*** Opening of Dataset excerpts ***

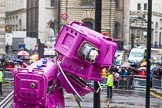 Lord Mayor's Show 2013: 59-Recycling in the City- The Binbot is joined again by his drumming street sweepers to celebrate 20th anniversary of the City's unique Clean City Awards scheme..
Press stand opposite Mansion House, City of London,
London,
Greater London,
United Kingdom,
on 09 November 2013 at 11:32, image #749
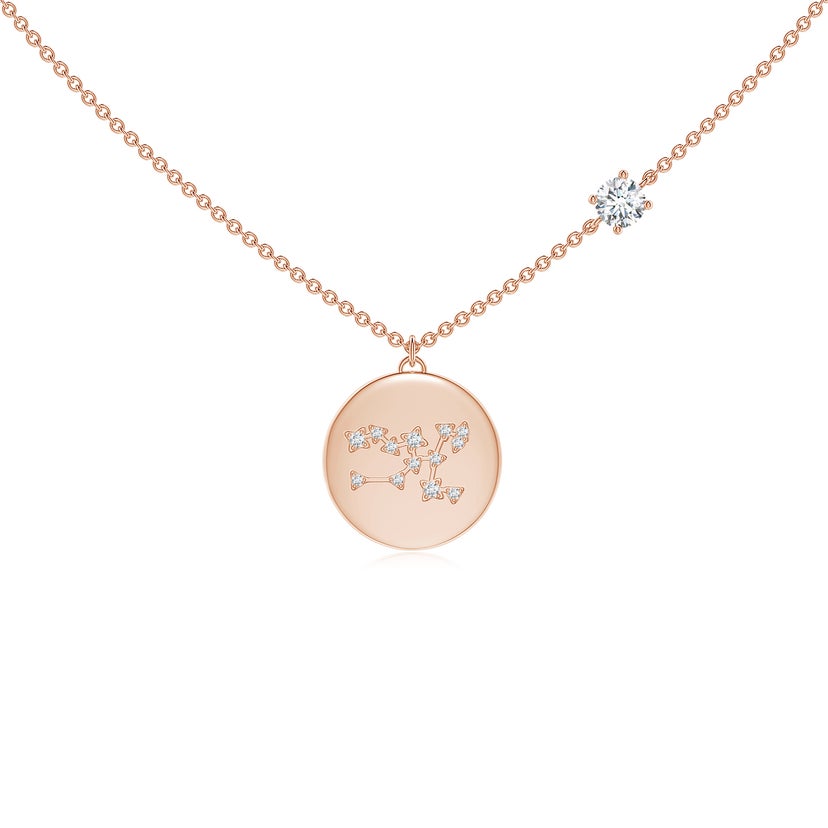 Diamond Taurus Constellation Medallion Pendant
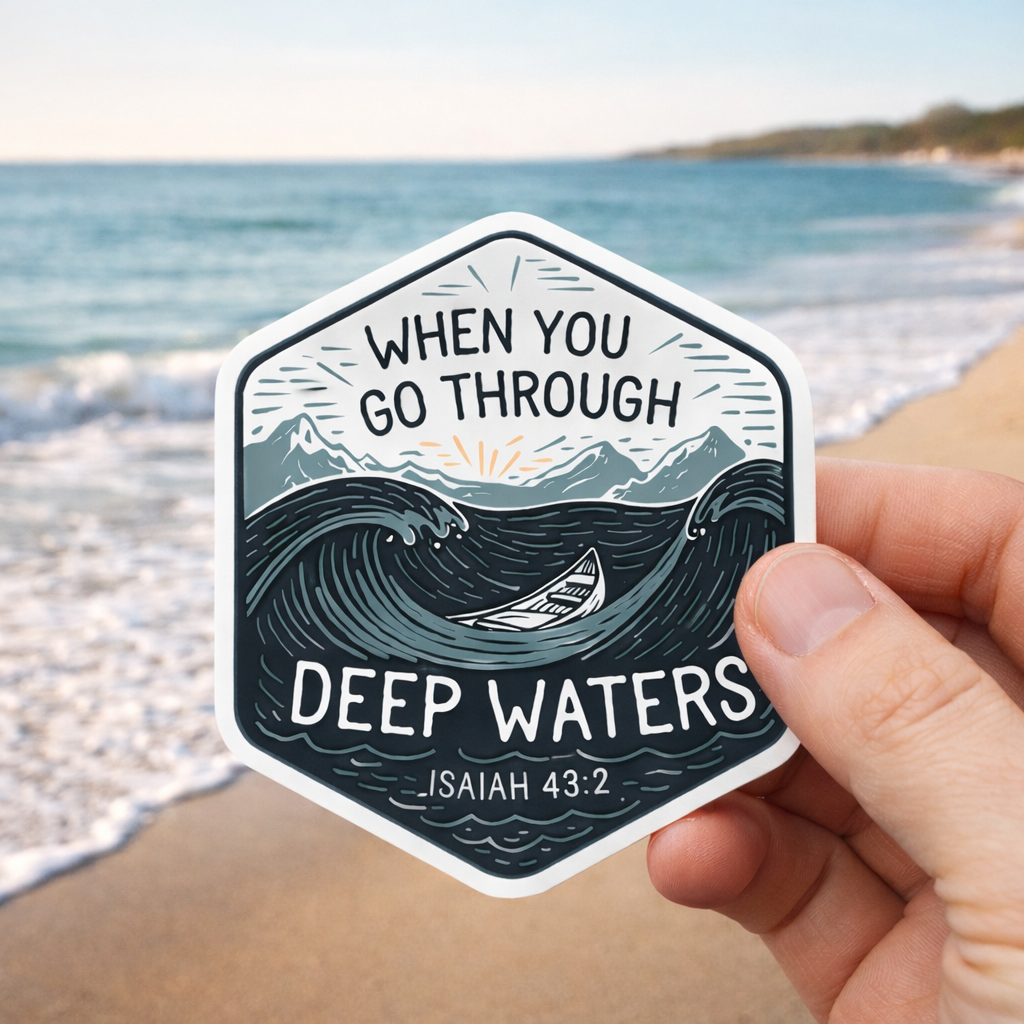 When You Go Through Deep Waters - Sticker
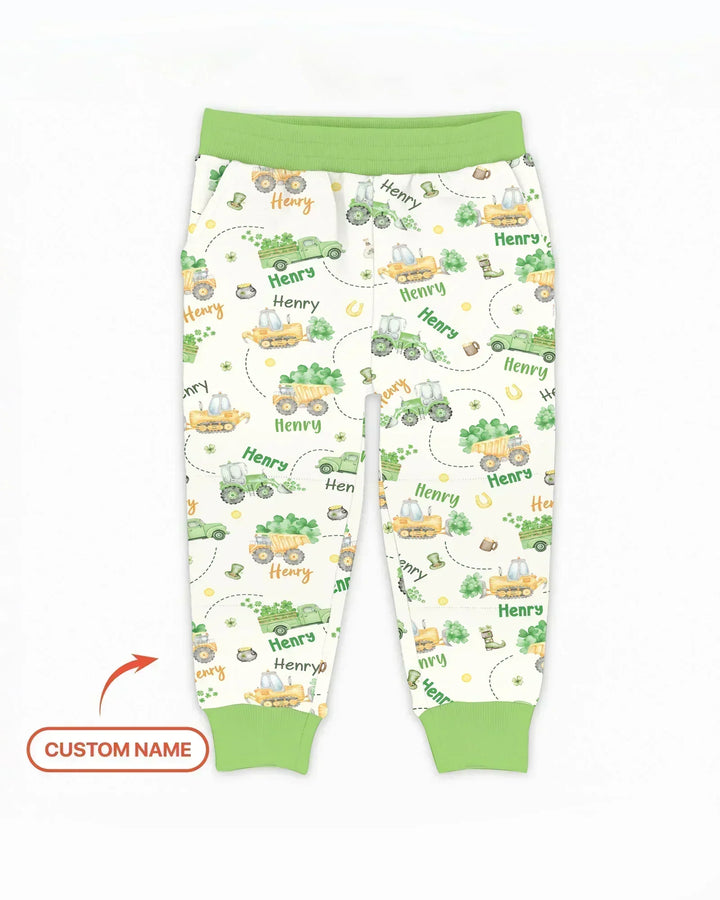 Construction St. Patrick's Day Custom Name Bamboo Jogger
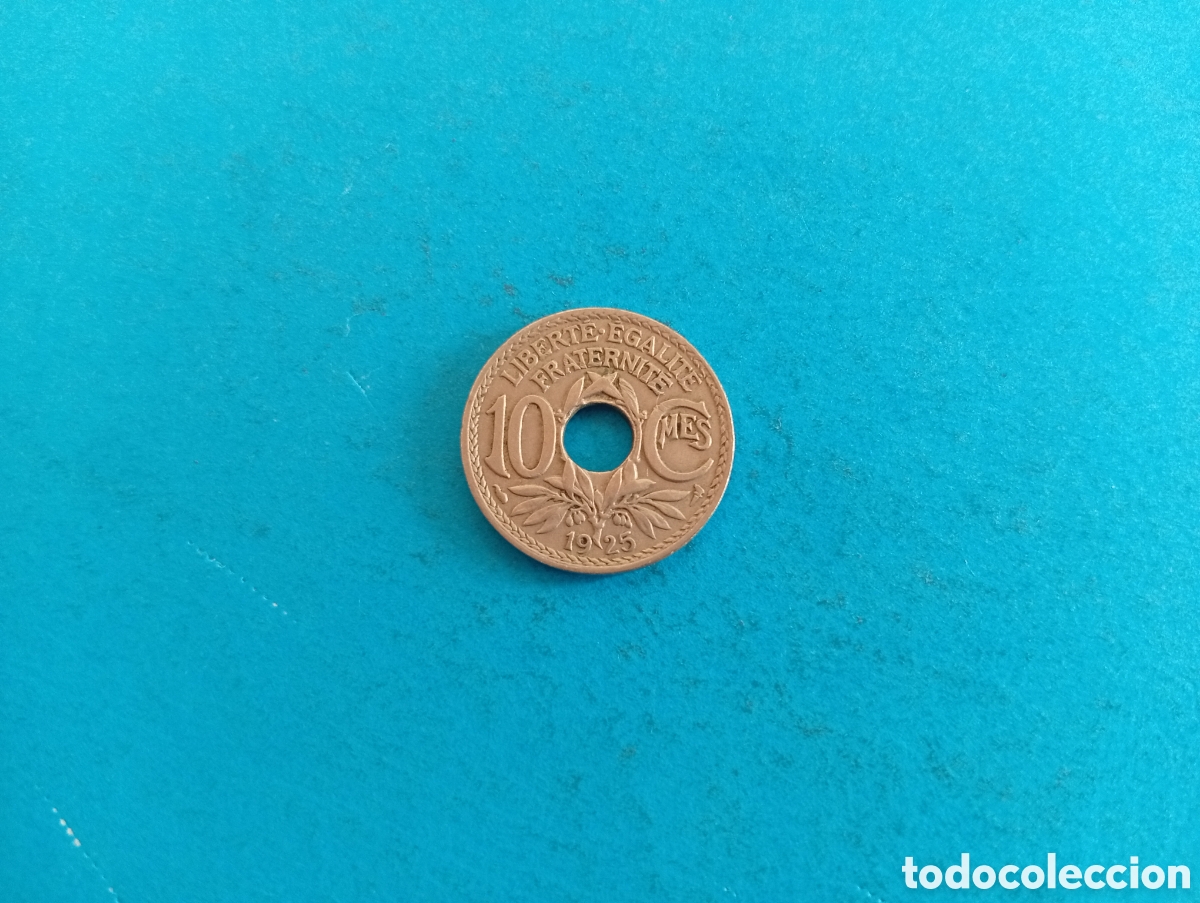 Monedas antiguas de Europa: 10 centimes de Francia 1925 - Foto 1
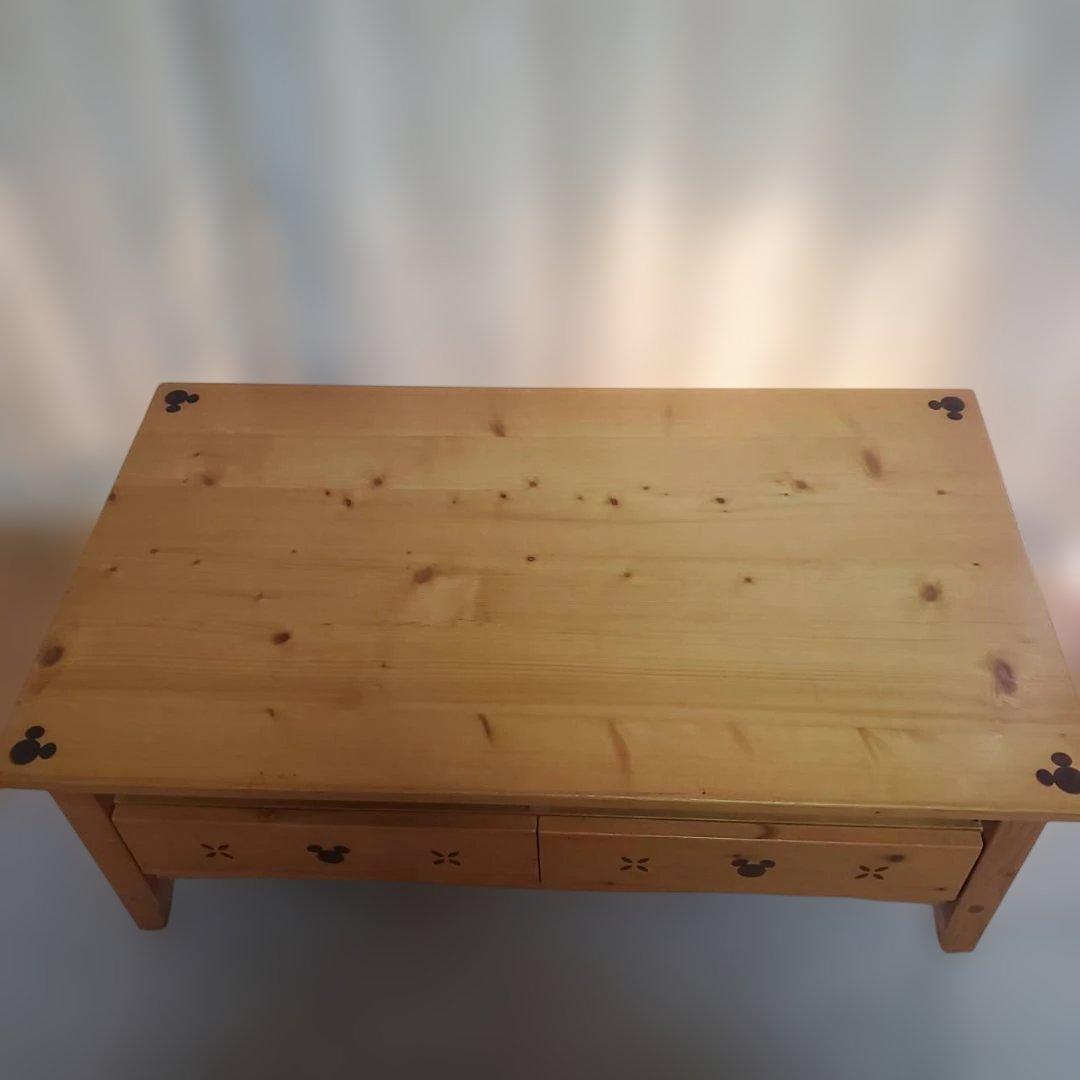 ベルメゾン ディズニー リビングテーブル ミッキーモチーフ 引き出し付き 机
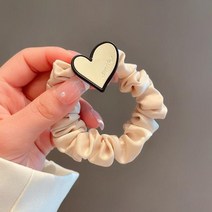 한국판 패션 빈티지 하트 소장 튜브 헤어링 왕홍 같은 ins 심플하고 우아한 여성 묶음 머리 끈(흰색5+블랙5)
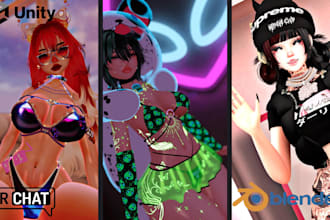 create 3d anime vrchat model, vrc avatar, furry avatar, nsfw, vr character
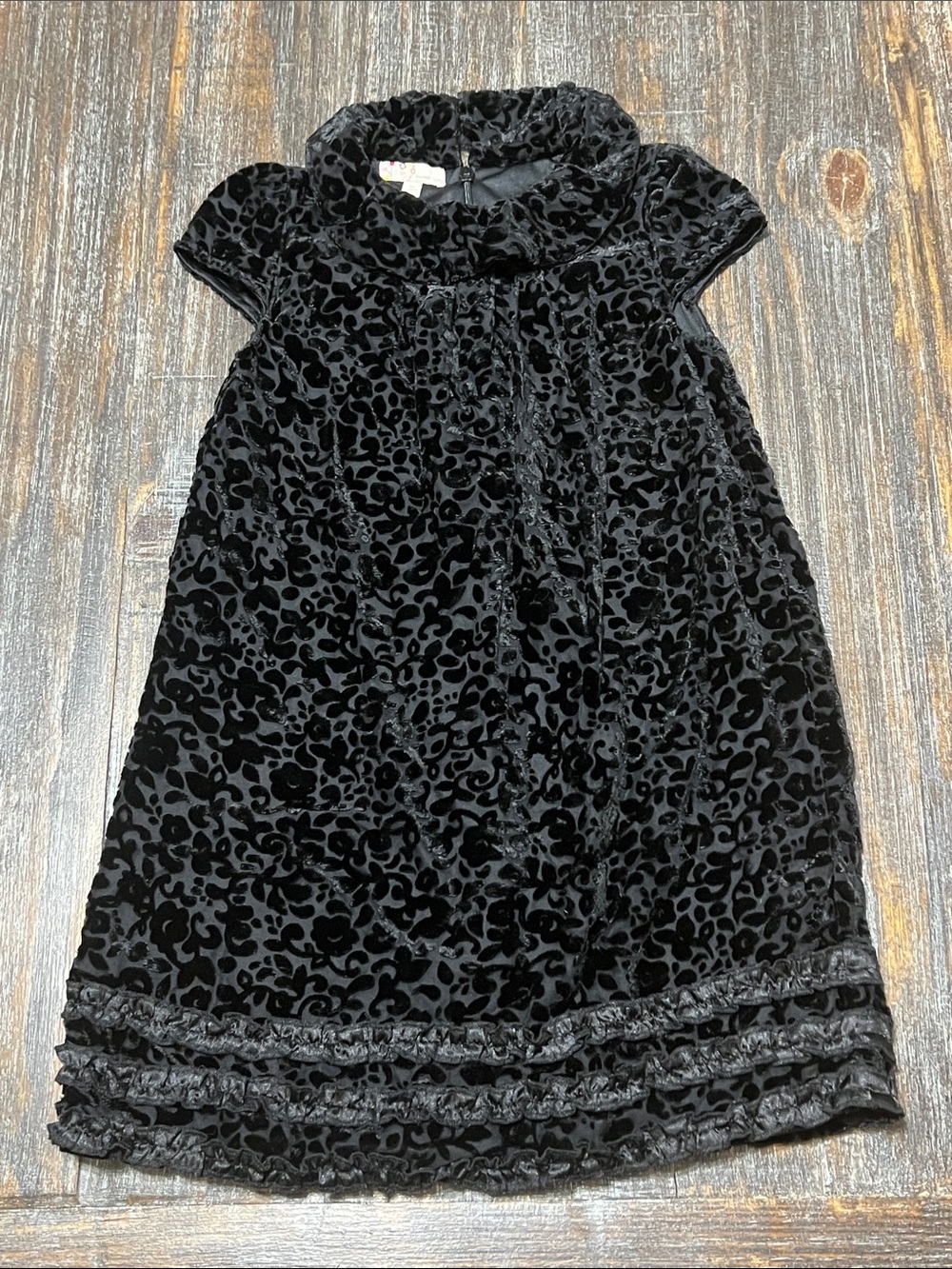 Black Velvet Floral-Devore Girls' Party Dress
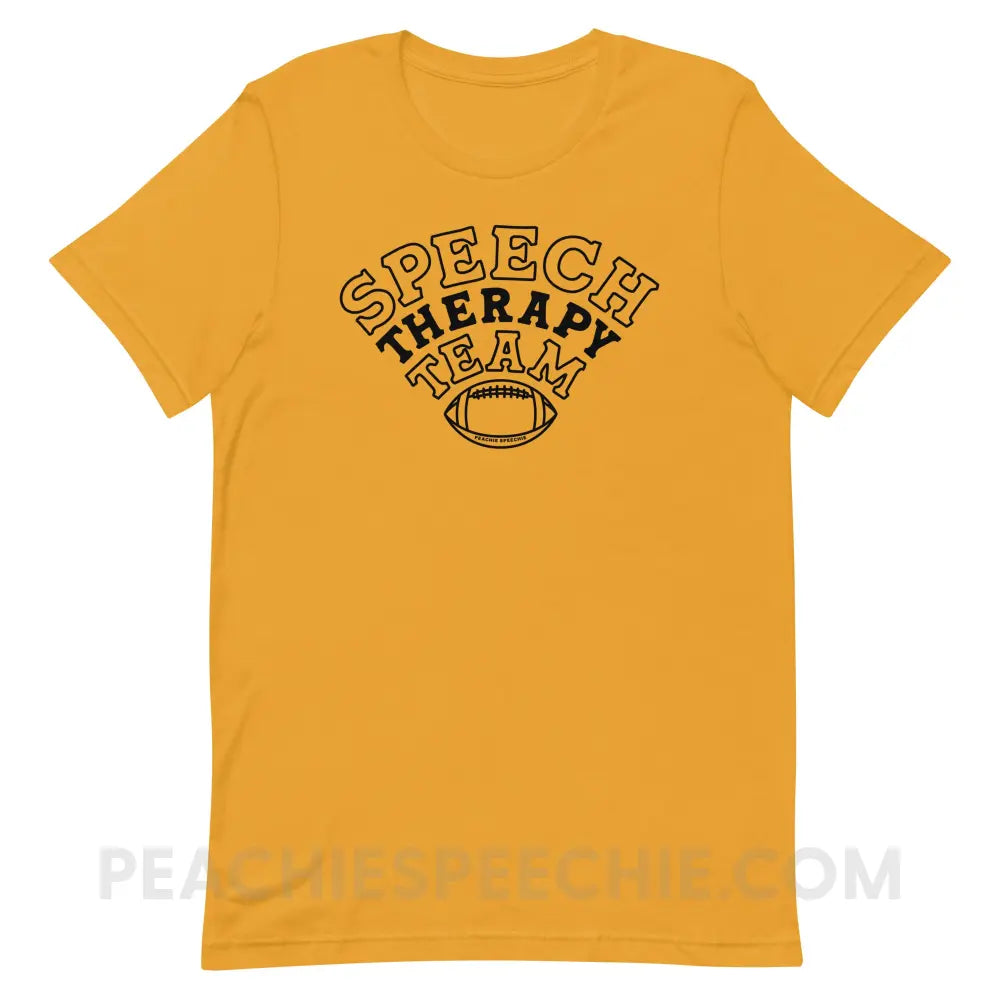 Speech Therapy Team Football Premium Soft Tee - Mustard / XS - peachiespeechie.com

*** Close of Dataset excerpts ***

- **Work instruction**
Give back the records above exactly, with no pictures.

- **Response for this exercise**
 Lord Mayor's Show 2013: 59-Recycling in the City- The Binbot is joined again by his drumming street sweepers to celebrate 20th anniversary of the City's unique Clean City Awards scheme..
Press stand opposite Mansion House, City of London,
London,
Greater London,
United Kingdom,
on 09 November 2013 at 11:32, image #749
 Diamond Taurus Constellation Medallion Pendant
 When You Go Through Deep Waters - Sticker
 Construction St. Patrick's Day Custom Name Bamboo Jogger
 Monedas antiguas de Europa: 10 centimes de Francia 1925 - Foto 1
 ベルメゾン ディズニー リビングテーブル ミッキーモチーフ 引き出し付き 机
 한국판 패션 빈티지 하트 소장 튜브 헤어링 왕홍 같은 ins 심플하고 우아한 여성 묶음 머리 끈(흰색5+블랙5)
 create 3d anime vrchat model, vrc avatar, furry avatar, nsfw, vr character
 Black Velvet Floral-Devore Girls' Party Dress
 Speech Therapy Team Football Premium Soft Tee - Mustard / XS - peachiespeechie.com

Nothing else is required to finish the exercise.